The strength of property rights in the United States has declined over the past four years, a new report on property rights around the world has revealed.
The Property Rights Alliance released its annual International Property Rights Index on Tuesday. The index ranks 131 countries based on how they score in three areas of property rights protection: legal and political environment, physical property rights, and intellectual property rights.
The United States was ranked 17th in the world for property rights protections.
The United States had an overall score of 7.6 out of 10, putting it behind such countries as Finland, the United Kingdom, Hong Kong, and Germany. Its score puts it just ahead of Belgium, Ireland, France, Qatar, and the United Arab Emirates.
The United States’ score has declined almost half a point since its 2009 peak. However, this year’s score is 0.2 points higher than in 2007, the first year of the report.
Intellectual property rights was the highest component of the U.S.’s score, coming in at 8.3 and putting it in a five-way tie for second in the world.
However, the relative weakness of the U.S.’s physical property rights and legal protections dragged down the overall score. The United States ranked 23rd for legal protections with a score of 7.2 and 22nd for physical property rights with the same score.
The United States did see its score slightly improve from last year, "due to a 0.4 point increase in political stability," the report said, presumably in the wake of the presidential elections.
Those countries with stronger property rights protections tend to be wealthier, the report showed. A strong correlation exists between all three areas of property rights and Gross Domestic Product (GDP) per capita.
At the bottom of the rankings were such countries as Yemen, Venezuela, Burundi, Haiti, and Libya. China ranked 58th with a score of 5.5, and Russia ranked 102nd with a score of 4.5.
"Too many in the West, where property rights seem as natural as the air we breathe, have forgotten how important such rights were in helping Europe and the U.S. make the transition from the Old Regime into the Industrial Revolution," wrote Hernando de Soto, president of the Institute for Liberty and Democracy in Peru, in a foreword to the report.
"They tend to view property rights as essentially the protection of ownership … What they miss is that property rights have evolved from those original functions to play other roles in modern society."
De Soto argued that strong property rights protections allow entrepreneurs to work and collaborate, driving the economy. He has been researching property rights issues since the 1980s, and the Property Rights Alliance has created the Hernando de Soto fellowship in his honor.

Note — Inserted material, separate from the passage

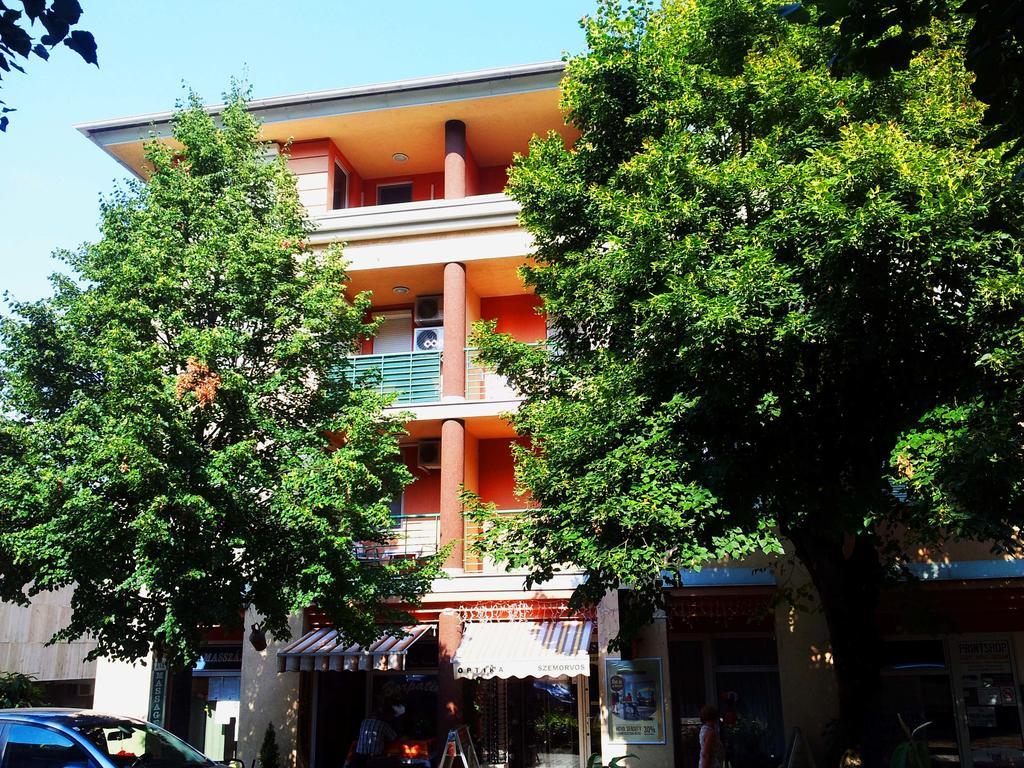 Hévíz Max Thermal Apartman מראה חיצוני תמונה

The de Soto fellow writes the report each year.
The report pays special attention to the Middle East and northern Africa with an in-depth analysis of Tunisia, where the Arab Spring symbolically began.
"It’s pretty clear that strong property rights are a key foundation for a strong economy and a strong society," said Rick Geddes, a professor of public policy at Cornell University.
Property rights help encourage investment by guaranteeing the security of investments against arbitrary loss. Property rights also have a big effect on credit markets, as loans depend on clear titles to property to back them, Geddes said.
Additionally, studies have shown that legal protections for women’s wages against arbitrary confiscation encourage families to educate their children, Geddes noted.
"Property rights and low taxes are the key to economic growth. Everything else flows from that," said Grover Norquist, president of Americans for Tax Reform, which helped found the Property Rights Alliance.
The Arab Spring was the result in part of people not having property rights, Norquist contended. The first man to set himself on fire in Tunisia did so because he did not have any property rights, and subsequent self-immolations across the Arab world happened for the same reason, Norquist said.
Property rights—not democracy and financial aid—are the best way to stabilize the region, Norquist argued.
"The way to become like us is to have property rights like we did," he said.